Luck As A Cop-Out
The word luck makes me slightly uncomfortable; for me, it conjures images of four leaf clovers and little leprechauns dressed in green. When something positive happens and someone tells me I’m lucky, I resent that statement. Chalking up successes to “luck” feels like admitting that it is simply by chance that things have gone well. I have adopted a very active idea of success.

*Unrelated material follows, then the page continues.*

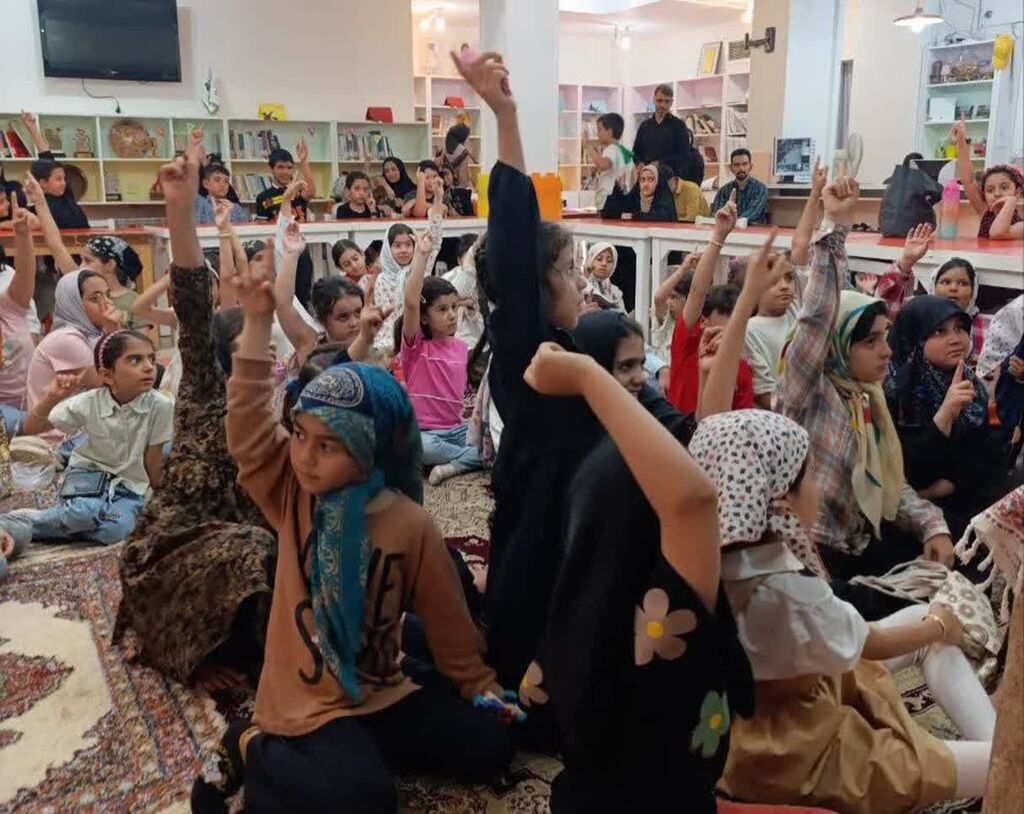 1329043 ادای احترام اعضای کانون پرورش فکری کودکان و نوجوانان بیرجندی به استاد فرشچیان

Over time, the pattern I’ve come to realize is one where my external life is a reflection, a mirror image of what’s going on inside for me. During times when I am thriving, most internally, I feel at peace, I feel at ease, and it reflects in the world around me. Similarly, when I am anxious, terrified, and worrying myself to sleep, I seem to attract more and more negativity. This viewpoint of success as something that correlates directly with our mental state is a powerful one, but also one riddled with responsibility.
Ultimately, this means that my success is determined by me, rather than an external force. Day-to-day, I have a choice as to what I choose to focus on. When I choose to consciously be grateful for everything I have and hold a positive mindset for what is to come, life moves along more smoothly. That being said, a constant, positive mindset is absolutely not the goal. In my times of solitude, of contemplation and of worry, in times when I choose to retreat, some of my greatest creative ideas come forth. There is something to be said for these “dark nights of the soul.” Somehow, facing the darkness allows you to become better equipped for when the tides turn as if your lowest low makes way for your highest high.
Perhaps the word “luck” bothers me because it feels too easy. As someone who puts a lot of energy into consciously focusing on what I want to achieve, express, and cultivate, the idea that an external force of luck could grant these wishes like a genie feels cheap. I prefer the idea that each difficult situation is grooming me for the next beautiful one. Each challenge is creating in me the depth of character necessary to achieve my highest good, and each anxiety-riddled and sleepless night is giving me what will make me more equipped to serve something greater.
So to me, luck feels like a cop out. At times when good things happen, like winning the lottery, there is the possibility that success is left to probability. But more often than not, I think we cultivate the good that comes our way and when we receive good we have a duty to give back. Let’s not use the fallacy of luck to take ourselves off the hook.
The good in my life is a direct reflection of my ability to learn to cope with the bad in ways that I’m proud of. Living is hard work and I’d rather do the heavy lifting of personal growth than sit around waiting for luck to strike.